After breakfast, I read the Daily Bulletin, the only newspaper published on Mondays. The Bulletin carried no news of special interest. At seven in the morning, Señor Alberto Guevara called me up. He had just heard over the radio that Hawaii’s Pearl Harbor had been attacked by Japanese planes. That was the first news of the war.
One of the Fathers came up with an “extra” of the Daily Bulletin. But the “extra” added very little to the scanty information we had. It was reported that Japan had declared war on the United States moments before Ambassador Kurusu delivered to Secretary Hull the answer to the demands of Roosevelt. Hull replied that those were the greatest bunch of lies the world had ever heard.
We are beginning to realize that we are engulfed in the whirlpool of war. There is excitement, there are telephone calls, sirens, plans, scamperings, panic-buying of food, clothes and other provisions. Speculations and projections run big. Everybody is playing prophet. Would they attack? No, they would not dare. If they do, it would be by air from Formosa, Hainan, in aircraft carriers. Landing places would be Lingayen and Batangas, but they are fortified. By sea, it is impossible to pass through Corregidor. Evacuate the capital: to Laguna, Rizal, Bulacan, Bicolandia, Visayas. Manila will be mercilessly destroyed.
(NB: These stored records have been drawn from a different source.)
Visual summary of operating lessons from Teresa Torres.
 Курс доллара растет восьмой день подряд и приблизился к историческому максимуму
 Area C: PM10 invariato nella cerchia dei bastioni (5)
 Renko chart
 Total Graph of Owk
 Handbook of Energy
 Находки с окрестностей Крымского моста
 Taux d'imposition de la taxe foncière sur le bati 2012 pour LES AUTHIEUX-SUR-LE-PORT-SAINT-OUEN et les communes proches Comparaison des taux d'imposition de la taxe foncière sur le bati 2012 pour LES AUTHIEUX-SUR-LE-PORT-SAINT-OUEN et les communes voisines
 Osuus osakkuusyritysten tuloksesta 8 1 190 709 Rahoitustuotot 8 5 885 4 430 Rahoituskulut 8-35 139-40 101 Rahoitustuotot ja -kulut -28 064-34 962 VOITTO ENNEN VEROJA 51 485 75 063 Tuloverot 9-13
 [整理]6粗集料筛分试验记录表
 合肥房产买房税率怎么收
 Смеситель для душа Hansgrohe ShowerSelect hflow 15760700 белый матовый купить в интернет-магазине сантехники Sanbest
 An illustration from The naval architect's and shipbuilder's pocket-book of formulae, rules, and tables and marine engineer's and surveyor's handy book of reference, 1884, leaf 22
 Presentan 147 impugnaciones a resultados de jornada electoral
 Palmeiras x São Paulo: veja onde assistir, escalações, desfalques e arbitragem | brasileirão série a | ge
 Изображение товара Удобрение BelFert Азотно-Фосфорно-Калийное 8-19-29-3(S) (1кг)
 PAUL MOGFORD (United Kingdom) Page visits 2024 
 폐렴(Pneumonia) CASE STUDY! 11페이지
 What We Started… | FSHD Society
Wait for developments.
Thus it was on the day of the Immaculate Conception.
By midmorning, the Director of Private Schools announced that all classes are suspended until further notice.
But when will this further notice come?
I attended the Provincial Council to discuss emergency and urgent matter. The Father Provincial had just arrived by car all the way from Aparri, as the boat he was supposed to take was late. It was providential though. The boat was later bombed and sunk by Japanese planes.
The other Fathers who felt more secure in the provinces or with friendly families have been allowed to receive money from and live with them. It was feared that the government would order the evacuation of some districts, Intramuros among them. The suburbs are considered safer.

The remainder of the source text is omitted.